Internationale Forschung zur Erwachsenen- und Weiterbildung

Alexandra Ioannidou

DOI: https://doi.org/10.35468/wbeb2022-152

Die i. F. zur Erwachsenen- und Weiterbildung ist multidisziplinär angelegt, sodass sie durch zahlreiche Disziplinen mit unterschiedlichen Blickwinkeln und verschiedenen Zielsetzungen befruchtet wird (Bezugswissenschaften), bspw. durch die Erwachsenenbildungs- und die Erziehungswissenschaft, durch die traditionellen Bezugsdisziplinen wie die Soziologie, die Politikwissenschaft, die Psychologie oder die Bildungsökonomie sowie durch neue Forschungsrichtungen wie die empirische Bildungsforschung.

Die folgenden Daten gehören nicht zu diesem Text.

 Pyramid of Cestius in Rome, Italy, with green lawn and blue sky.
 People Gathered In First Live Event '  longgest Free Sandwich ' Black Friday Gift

Je nach Fragestellung werden aus einer internationalen – nicht selten auch vergleichenden – Per­spek­tive das Lehren und Lernen von Erwachsenen, die Programme und Organisationen der Weiterbildung, die politischen und institutionellen Rahmenbedingungen oder die Wirkungen und Erträge von Erwachsenen- und Weiterbildung erforscht.

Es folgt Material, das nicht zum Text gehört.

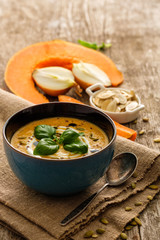 Delicious homemade pumpkin soup with basil leaves on rustic wooden table.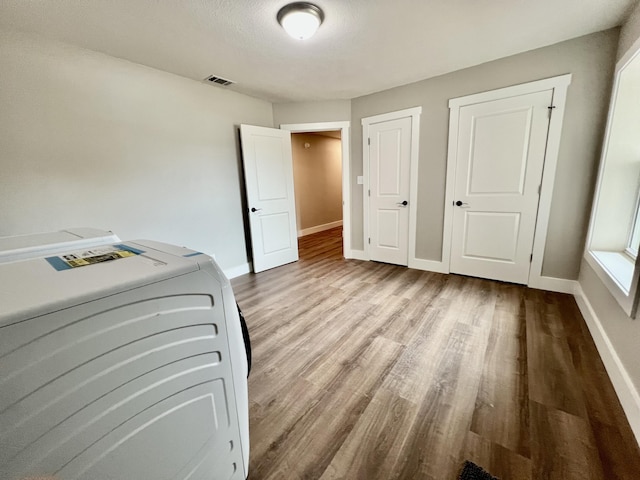 16 N 1st St, Defuniak Springs, FL 32433 - unfurnished bedroom with wood finished floors and washer / dryer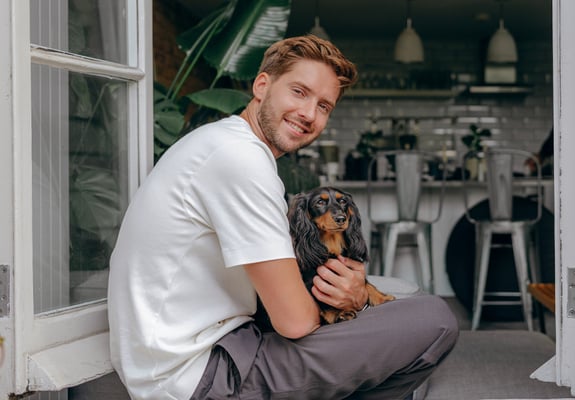 man sitting in the window of a kitchen with Dachshund sitting in his lap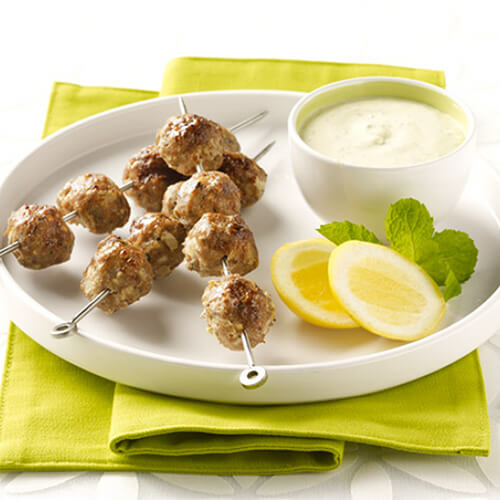 3 mouth-watering turkey kabobs are baked with garlic, mint and coriander served with a side of tangy yogurt sauce, garnished with mint and lemon slices, served on a white plate on a green napkin.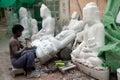 Burmese man carving a large marble Buddha statue.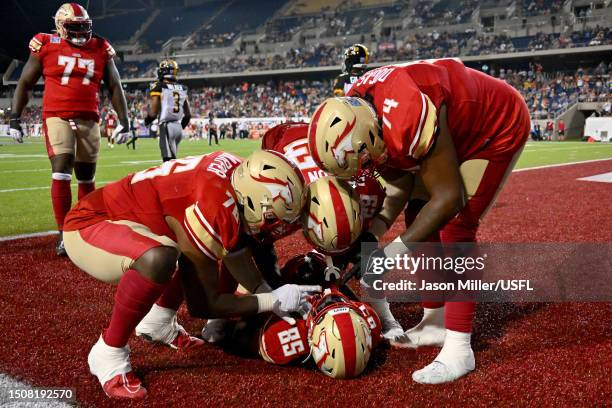 Deon Cain of the Birmingham Stallions celebrates with his teammates after scoring a 40 yard touchdown pass against the Pittsburgh Maulers during the...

Internationale (zwischenstaatliche) und supranationale (überstaatliche) Organisationen, wie die Organisation for Economic Co-operation and Development (OECD), die → ­United Nations Educational, Scientific and Cultural Organization (UNESCO) und die Europäische Union (EU), tragen mit ihren (im Fall der EU verpflichtenden) Monitoring-Studien (Monitoring) und Large-Scale-Assessment-Studien (Large Scale Assessments) zur Erhebung von internationalen Daten für den Weiterbildungsbereich bei. Beispiele sind Programme for the International Assessment of Adult Competencies (PIAAC), Global Report on Adult Learning and Education (GRALE), Literacy Assessment and Moni­tor­ing Programme (LAMP), Adult Education Survey (AES), Labour Force Survey (LFS) und Continuing Vocational Training Survey (CVTS). Diese Studien erbringen Datensätze, die inzwischen eine wesentliche empirische Grundlage für zahlreiche internationale Untersuchungen zum Lernen Erwachsener sowie zur Bewertung von Kompetenzen Erwachsener bilden. Allerdings fehlen aussagekräftige internationale Datensätze zu spezifischen Themen der Erwachsenen- und Weiterbildung, die die Forschungsvorhaben in diesen Bereichen unterstützen würden, z. B. zu Weiterbildungsanbietern, Angeboten und Programmen, zum Personal, zur Finanzierung der Weiterbildung oder zu den Erträgen von Weiterbildung. Dies spiegelt sich auch in der geringen Anzahl an internationalen Veröffentlichungen zu diesen Themen wider.

Hinsichtlich der Theorien und Methoden hat sich die i. F. zur Erwachsenen- und Weiterbildung in jüngerer Zeit wesentlich ausdifferenziert. Obwohl qualitative Forschungsmethoden und Fallstudien weiterhin dominieren (Boeren, 2017), werden vermehrt auch bibliometrische Studien und quantitative Analysen von Datensätzen mit großen Länderfallzahlen durchgeführt wie auch Mixed-Methods-Designs oder kausal-analytische Verfahren eingesetzt.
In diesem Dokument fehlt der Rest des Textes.